Terrapin Bright Green recently published a paper titled The Economics of Biophilia that begins quantifying the benefits of introducing nature into architecture. Terrapin claims that 90% of operating costs are linked to human resources, and employee productivity costs are 112 times greater than operating energy costs. Workspaces that connect back to nature have a higher incidence of employee satisfaction, productivity and well-being. In a research project I did with Professor Ihab Elzeyadi at the University of Oregon, we found that employees who were deprived of views and daylight had average absence rates 10% higher than their counterparts. Daylight not only provides dynamic changing light, but balances our hormones and circadian rhythms, helping us stay awake and feel happier.
Similarly, the quality of one's view is the primary predictor of absenteeism. Views of complex, dynamic natural scenes trigger greater responses from receptors in our visual cortex than urban views, making viewing nature a pleasurable experience. Movement will capture our attention and calm the mind, thereby reducing heart rates and increasing one's ability to focus.
Recently, we had the chance to test these theories while setting up space at SRG to maximize the benefits of Integrated Project Delivery for a large scale, complex public project. We were motivated to collaborate closely and communicate directly with our teammates, and needed a place where we could co-locate the architect, associate architect, structural engineer, MEP, contractor and primary subcontractors-35 people in all. This meant re-locating from SRG's main workplace to our building's fifth floor.
The satellite space had the classic layout of older hierarchical workplaces. Enclosed offices lined the perimeter and robbed the open space in the middle of views, daylight and operable windows. We were in a beautiful old building overlooking the heart of the city and all we could see were rooftop mechanical units and the blank back walls of adjacent buildings. While we'd found a great opportunity for team connectivity, access to nature was missing from the equation to establish the ideal work environment.
As the darkest time of the year approached, our team's incentive to improve our surroundings increased. With the support of our client, we quickly reached consensus and tore down the walls. When people returned to the office after the holidays, they walked into a whole new experience.

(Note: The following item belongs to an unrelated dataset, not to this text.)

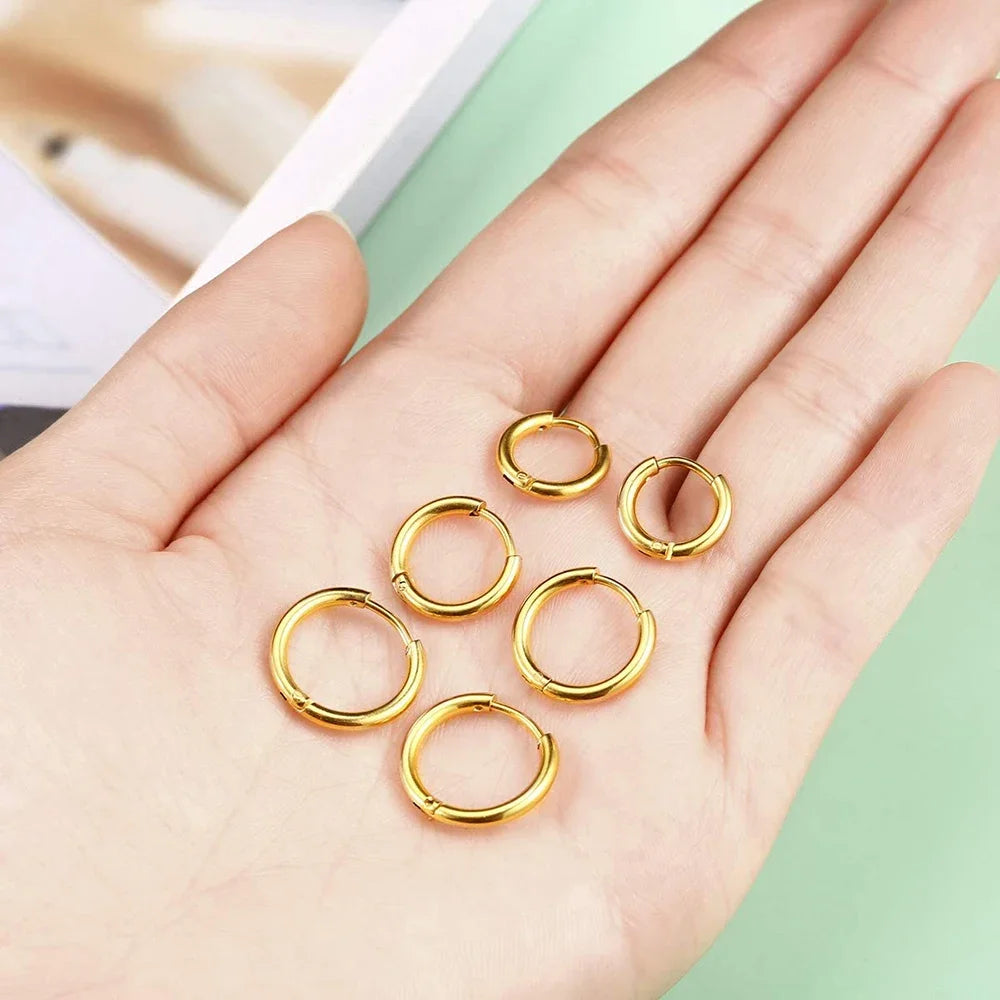 7-Pair Multi-Size Stainless Steel Huggie Hoop Earring Set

Private offices were gone and we could all see out to the sky. Whether sunny or overcast, now we can reconnect with the sun's movement and our natural circadian rhythms. We can also glance at activities taking place in Pioneer Square and feel inspired to be part of our larger community. Most importantly, we can see each other working together as a group and hold impromptu discussions.
The change in spirit and energy was immediate and palpable. Colleagues from other floors have begun to visit and engage more, and everyone is commenting on how much the environment has improved. As a team, we've become better able to balance the speed of productivity with a sense of well-being. Spending our days on the fifth floor is now truly part of an opportunity to do great work. I am grateful for my new environment every time I open the window, feel the fresh air and connect back to the sounds of the city beyond.